Hacker News new | ask | show | jobs
by crispyambulance 2340 days ago
Yeah, so by eliminating semantic concerns, pdf has achieved transcendence as a document format.

But by its nature text is intrinsically semantic. I am just surprised that a document format utterly free of semantics has lasted so long. Perhaps because we (as people and organizations) can't agree on the structure of documents?

Another way to see this, perhaps, is as the failure of the promise of xml and the ecosystem around it? In the late 90's many of us thought that all documents would be xml for content and styling would be through xslt or even it's big sister, xsl. Well, THAT went nowhere despite all the W3C meetings and papers.

It's interesting you brought up graphics as an analogy. It's true that you can have graphics which are literally just lines and that's adequate for many needs. However, modern CAD drawing systems increasingly use notions of 2D/3D objects and a disciplined series of transformations. They call it "parametric modeling" and it's where where all drawing consist of a series of transformations that can be represented in a timeline. I suspect modern parametric model CAD can very much be semantic.

1 comments

Books have about the same amount of semantic information as pdf. It's probably just habit.

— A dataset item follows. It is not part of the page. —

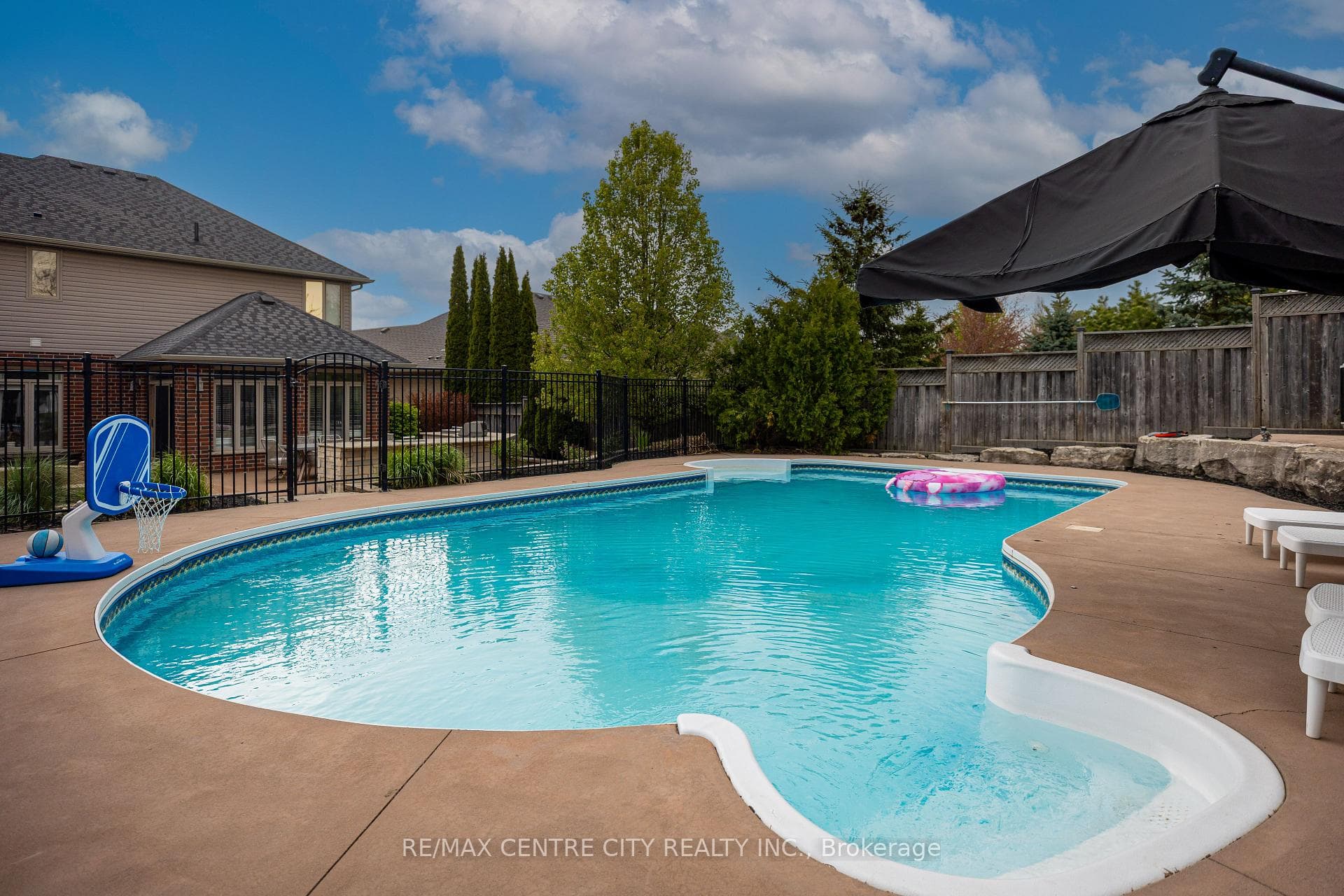 2114 Riverbend Road photo 5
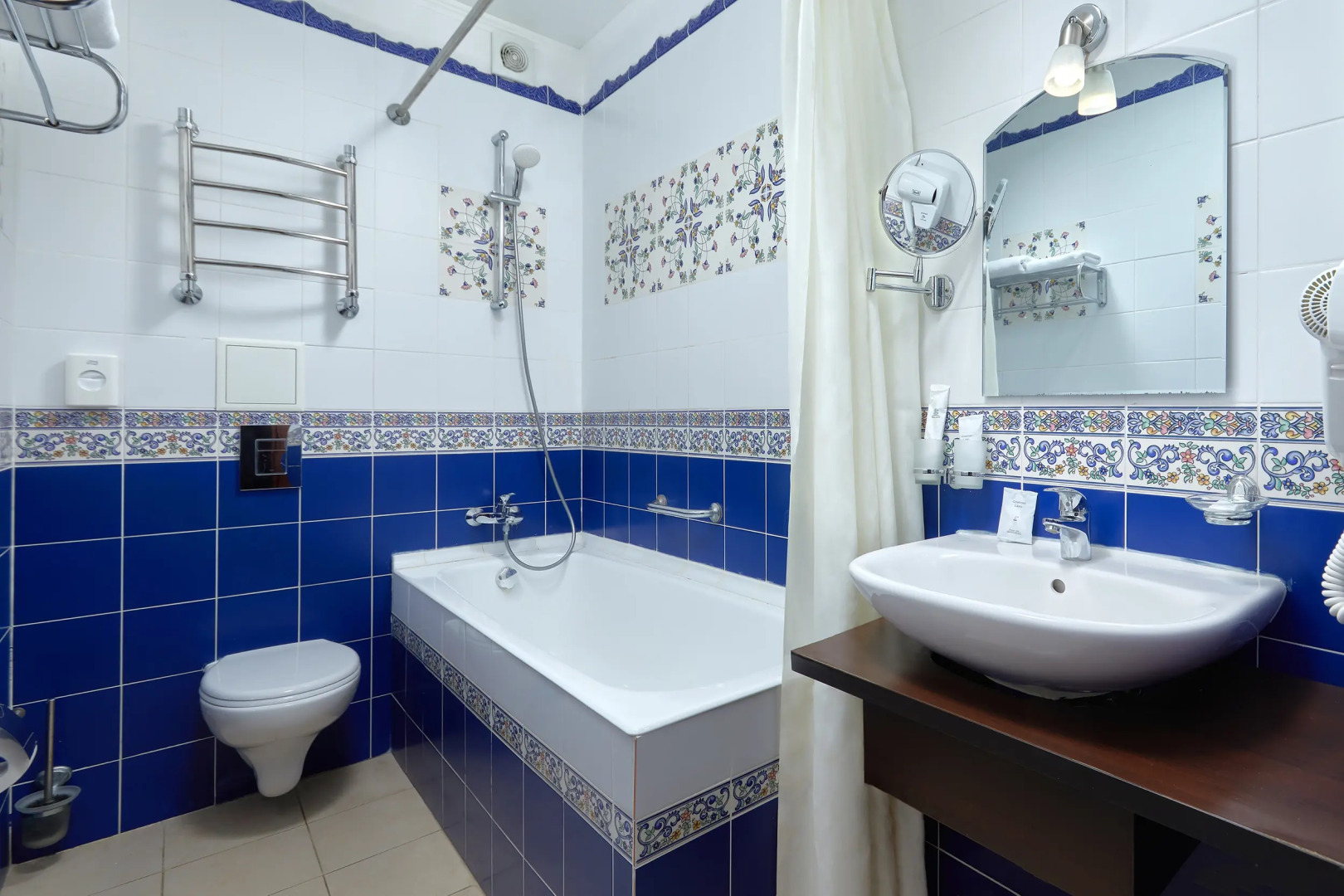 Отель Сокол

I think more than lack of agreement, it's just that there aren't really universal document structures. There's relatively useful chunks like paragraphs that are more or less universal (at least for a given language), but those don't need much structure to be clear.

It isn’t in the interests of word processors to round-trip through pdf. If you look at the PDFs the mainstream word processors generate, you see some of them actively trying to stop text extraction. It’s like an obfuscation arms race. They include white-on-white text, and jump all over the page positioning text so no whole words occur in the source etc. Sad but true.